Wednesday, June 11, 2014
Simple possession of marijuana is a federal crime. Only a very very very small fraction of marijuana possession cases end up in federal court (for example, in 2010, there were about 1,000 federal marijuana possession cases disposed of in federal court (PDF) and 750,000 simple marijuana arrests nationwide.) Compared to the number of people who use and smoke marijuana every year, the number of federal marijuana possession prosecutions is ridiculously small. About 25 million Americans use the drug every year. But only an unlucky 1,000 or so end up in federal court for possessing it.
Of course, even most of the marijuana simple possession defendants who end up in federal court are not facing very serious penalties--a first offense is a misdemeanor and carries no mandatory prison time.

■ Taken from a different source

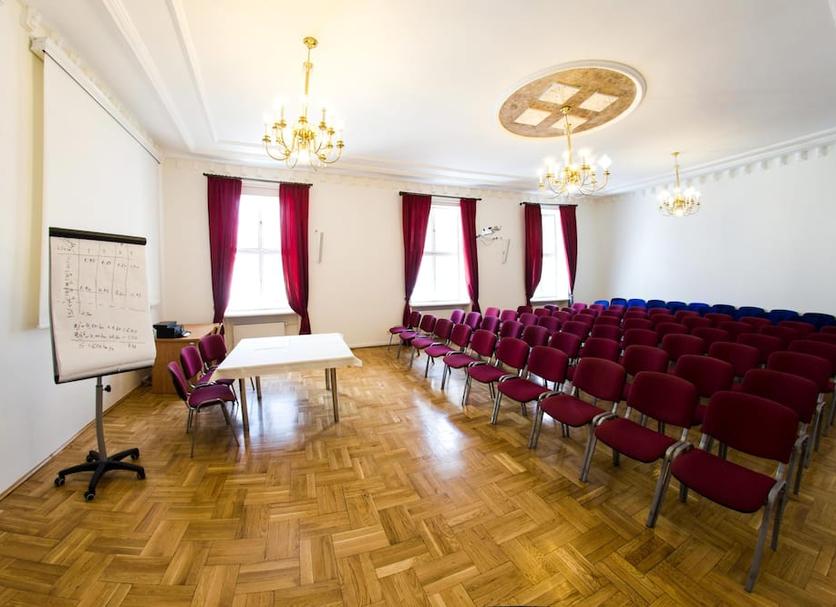 Sala konferencyjna Zdjęcie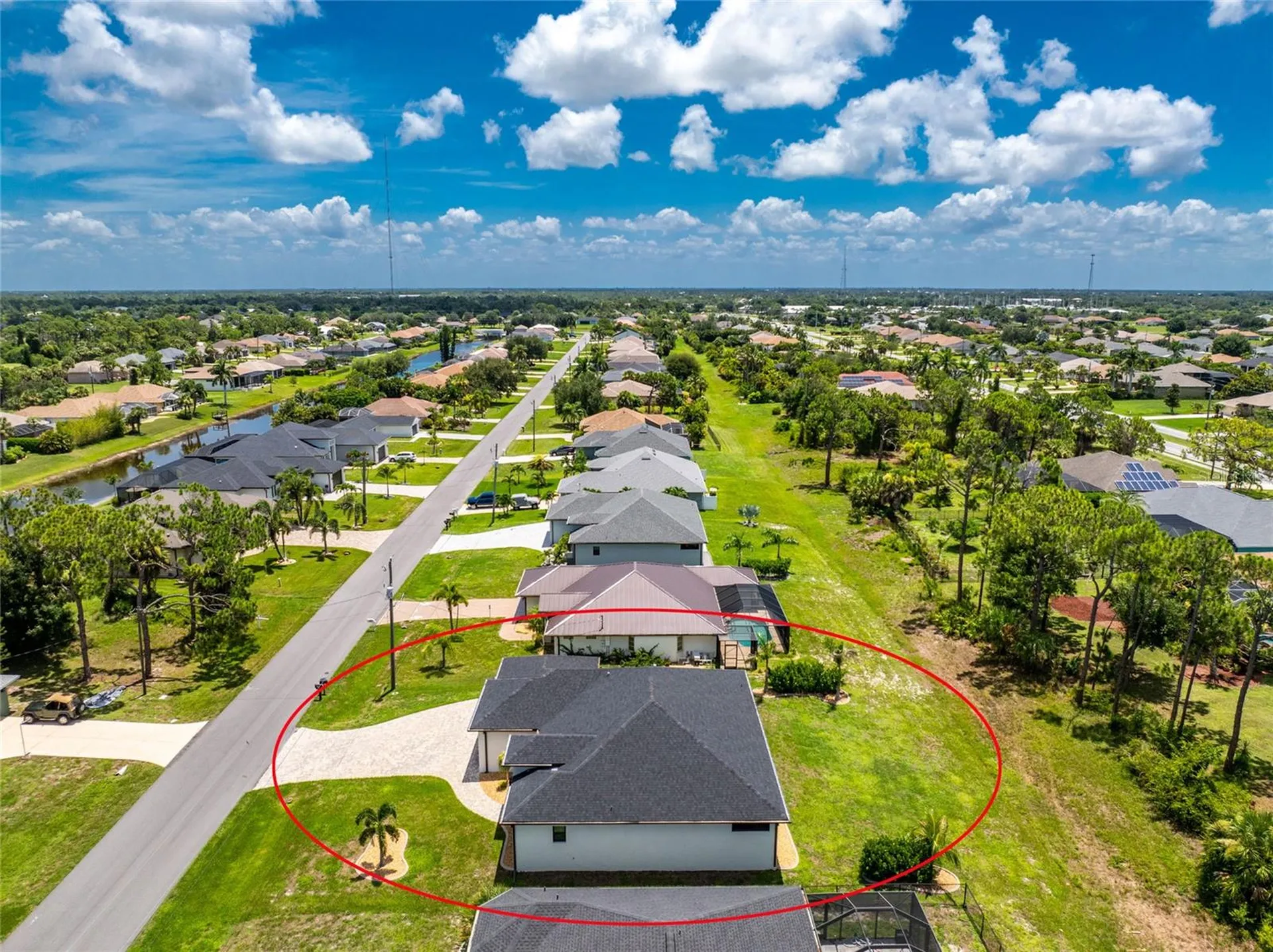 253 Long Meadow Lane Rotonda West FL 33947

But the cliffs and bright lines of the federal sentencing guidelines--even in their advisory state--can sometimes change the equation and result in real federal time for possession of small amounts of marijuana. Yesterday, in an unpublished decision (PDF), the Eleventh Circuit upheld a federal gun sentence that included an additional 20 months for possession of less than 2 grams of marijuana.
Here are the relevant details:
Jabriel Fitzgerald Lakes appeals his 58-month sentence, imposed after pleading guilty to one count of being a felon in possession of a firearm, in violation of 18 U.S.C. § 922(g)(1). At the sentencing hearing, the district court enhanced Lakes’ base offense level by four points pursuant to U.S.S.G. § 2K2.1(b)(6)(B) because Lakes “used or possessed a firearm . . . in connection with another felony offense.” The district court found that, due to his prior drug convictions, Lakes’s possession of 1.8 grams of marijuana at the same time as his possession of a firearm constituted “another felony offense” under the language of 21 U.S.C. § 844(a). The court then imposed a 58-month sentence, which fell within the applicable guideline range of 57 to 71 months’ imprisonment.
Lakes appeals the application of the four-point enhancement to his base offense level as substantively unreasonable, arguing that the resulting sentence is unduly harsh given the circumstances of this case. Lakes argues that application of the enhancement “resulted in a grossly disproportional sentence in light of the actual amount of marijuana” in his possession at the time of arrest. While Lakes concedes in his brief that his prior drug convictions would render him ineligible to receive misdemeanor treatment on the marijuana charge under 21 U.S.C. §§ 841(b)(4) and 844, he argues that an additional 20 months of imprisonment for possession of less than 2 grams of marijuana is patently unreasonable.
At his sentencing hearing, Lakes pointed out that his applicable guideline range which would have been 37 to 46 months without the enhancement, jumped to 57 to 71 months “for such a small amount of drugs.” As stated by his lawyer at sentencing: “As a practical matter I don’t know that you could cover up my thumbnail with 1.8 grams of marijuana . . . I am certainly not excusing any of this stuff, but it’s just a small amount that—and such a large enhancement, really, for such a small amount of drugs.” Lakes stated that he was holding the marijuana for a friend, and not for himself. Accordingly, he argued, the application of the enhancement does not serve the factors enumerated in § 3553(a).
After three prior drug convictions, Lakes was caught with a loaded firearm while in possession of three separate bags of marijuana, subjecting him to the four- level enhancement under the advisory guidelines. The record demonstrates that the district court considered the parties’ arguments, the presentence investigation report, the Guidelines and the § 3553(a) factors when it pronounced its sentence. The sentence is within, and at the low end of the applicable guideline range. It is also below the statutory maximum, further lending itself to a finding of reasonableness. Thus, Lakes has not met his burden of showing that the district court abused its discretion in applying the enhancement. We affirm the district court’s sentence as reasonable.